The report says in February 2004, Sina.com, one of China`s largest web portals, published photographs of three journalists being beaten while reporting on the set of a movie in Yunnan Province. More than ten workers on the movie set attacked them and threw them into a river. The provocation? They reported on local villagers` complaints about their maltreatment by the film company. 

Investigative reporter Wang Keqin has earned a reputation as "China`s most expensive reporter" because of the price that has been put on his head as a result of his writings. In 2002, he conducted a large-scale investigation into corruption within the securities market in Lanzhou, the capital of the northwestern Gansu Province. His reports led to the government shutting down more than 400 illegal firms in 26 provinces.

After the reports were published, Wang received several death threats, and one businessman implicated in the reports offered 5 million yuan (US $600,000) for his head. 

Interestingly, CPJ says some local legislators have taken steps to ensure legal protection for journalists. Last year, the Yining County government in the Xinjiang Uighur Autonomous Region implemented "Regulations on Not Refusing Interviews by Journalists," which states that "no department or work unit may...abuse or harass journalists or confiscate or destroy their reporting equipment." 

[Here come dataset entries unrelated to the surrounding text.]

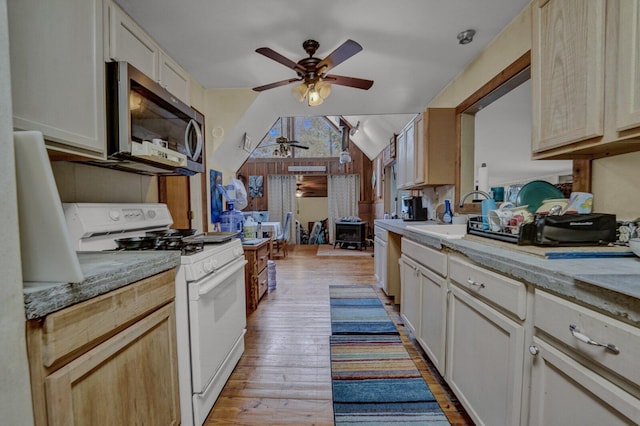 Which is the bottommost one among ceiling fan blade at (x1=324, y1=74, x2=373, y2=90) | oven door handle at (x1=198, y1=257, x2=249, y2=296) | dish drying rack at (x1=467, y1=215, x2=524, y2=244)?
oven door handle at (x1=198, y1=257, x2=249, y2=296)

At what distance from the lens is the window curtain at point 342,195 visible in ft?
24.9

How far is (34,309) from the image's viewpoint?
23.8 inches

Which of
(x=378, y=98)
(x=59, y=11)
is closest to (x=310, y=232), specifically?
(x=378, y=98)

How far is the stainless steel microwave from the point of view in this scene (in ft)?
3.98

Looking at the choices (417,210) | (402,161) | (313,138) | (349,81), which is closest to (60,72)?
(349,81)

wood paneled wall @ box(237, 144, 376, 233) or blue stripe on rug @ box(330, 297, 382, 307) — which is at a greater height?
wood paneled wall @ box(237, 144, 376, 233)

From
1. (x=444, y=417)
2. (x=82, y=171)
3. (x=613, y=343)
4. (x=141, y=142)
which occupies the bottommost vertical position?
(x=444, y=417)

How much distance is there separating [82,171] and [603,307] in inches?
84.3

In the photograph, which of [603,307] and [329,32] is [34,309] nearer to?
[603,307]

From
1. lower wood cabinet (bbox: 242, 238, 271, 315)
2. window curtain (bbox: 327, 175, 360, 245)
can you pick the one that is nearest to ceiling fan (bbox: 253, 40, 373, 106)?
lower wood cabinet (bbox: 242, 238, 271, 315)

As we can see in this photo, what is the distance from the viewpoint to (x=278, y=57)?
1826 mm

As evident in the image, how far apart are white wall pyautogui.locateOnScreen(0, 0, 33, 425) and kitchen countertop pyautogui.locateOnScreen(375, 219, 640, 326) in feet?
4.40

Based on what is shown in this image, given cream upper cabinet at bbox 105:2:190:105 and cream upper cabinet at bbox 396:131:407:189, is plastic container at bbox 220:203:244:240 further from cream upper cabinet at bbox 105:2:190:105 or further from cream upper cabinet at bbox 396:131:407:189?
cream upper cabinet at bbox 396:131:407:189

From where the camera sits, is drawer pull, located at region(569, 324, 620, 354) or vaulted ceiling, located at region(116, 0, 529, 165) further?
vaulted ceiling, located at region(116, 0, 529, 165) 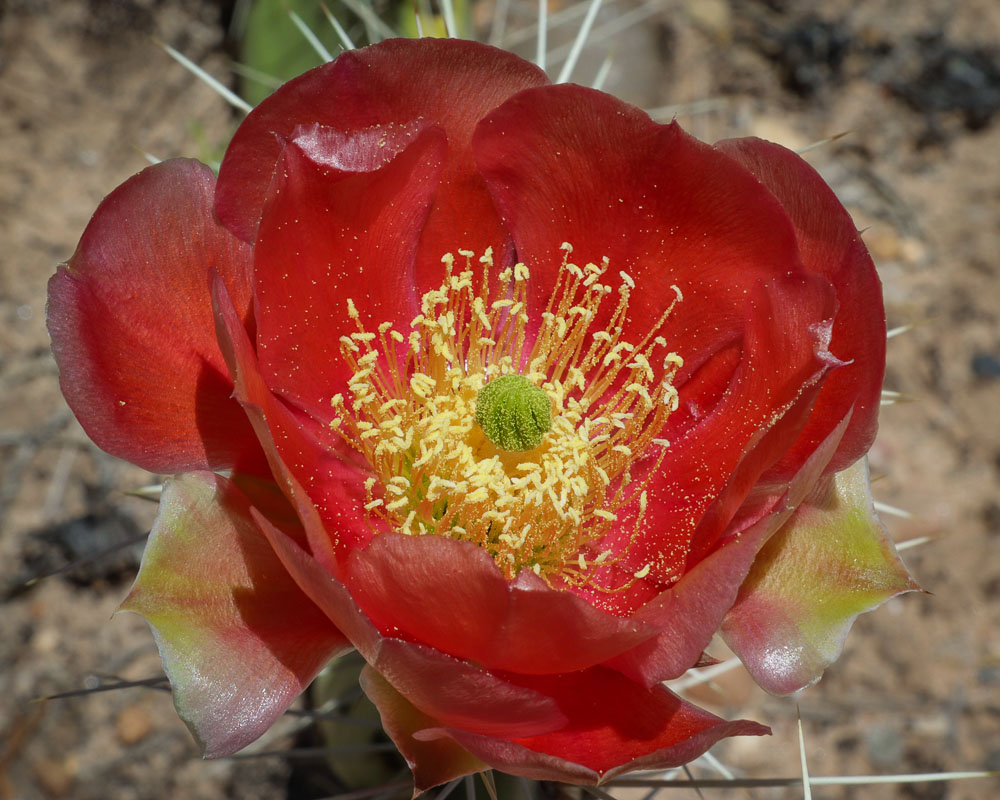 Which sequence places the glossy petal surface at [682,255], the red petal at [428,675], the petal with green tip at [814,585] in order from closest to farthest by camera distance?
the red petal at [428,675], the petal with green tip at [814,585], the glossy petal surface at [682,255]

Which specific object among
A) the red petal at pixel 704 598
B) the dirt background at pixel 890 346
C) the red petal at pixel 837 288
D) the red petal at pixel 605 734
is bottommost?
the dirt background at pixel 890 346

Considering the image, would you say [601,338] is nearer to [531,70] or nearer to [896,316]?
[531,70]

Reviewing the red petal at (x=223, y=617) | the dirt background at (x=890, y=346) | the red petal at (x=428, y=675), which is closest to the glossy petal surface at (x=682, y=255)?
the red petal at (x=428, y=675)

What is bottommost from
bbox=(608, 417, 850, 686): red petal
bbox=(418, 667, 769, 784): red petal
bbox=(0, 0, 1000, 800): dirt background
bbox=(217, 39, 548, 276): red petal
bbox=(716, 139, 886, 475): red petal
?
bbox=(0, 0, 1000, 800): dirt background

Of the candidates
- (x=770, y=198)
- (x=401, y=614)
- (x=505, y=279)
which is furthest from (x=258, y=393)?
(x=770, y=198)

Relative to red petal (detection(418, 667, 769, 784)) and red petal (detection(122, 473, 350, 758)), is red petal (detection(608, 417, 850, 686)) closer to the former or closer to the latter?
red petal (detection(418, 667, 769, 784))

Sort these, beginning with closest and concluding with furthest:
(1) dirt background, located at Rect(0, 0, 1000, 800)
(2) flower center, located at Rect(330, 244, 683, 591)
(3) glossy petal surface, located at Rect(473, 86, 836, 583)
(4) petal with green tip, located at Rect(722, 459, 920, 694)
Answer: (4) petal with green tip, located at Rect(722, 459, 920, 694) < (3) glossy petal surface, located at Rect(473, 86, 836, 583) < (2) flower center, located at Rect(330, 244, 683, 591) < (1) dirt background, located at Rect(0, 0, 1000, 800)

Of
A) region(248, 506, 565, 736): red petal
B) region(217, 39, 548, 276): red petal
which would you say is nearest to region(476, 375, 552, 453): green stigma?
region(217, 39, 548, 276): red petal

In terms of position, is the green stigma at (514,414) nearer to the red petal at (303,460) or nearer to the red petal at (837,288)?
the red petal at (303,460)

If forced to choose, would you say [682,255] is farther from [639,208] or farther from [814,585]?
[814,585] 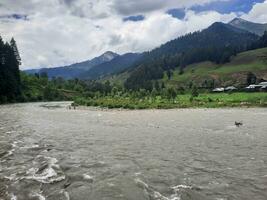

CPJ says the All-China Journalists Association (ACJA) is the only national organization dedicated to protecting journalists` rights. But being a government institution, it is virtually powerless. In the mid-1980s, journalists launched a movement to get a media law passed that would lay down legal protections for a free press. But after the military crackdown on the 1989 democracy movement, such legislation was sidelined. 

Journalists perturbed about violence against their profession have called for a law to protect their "right to report."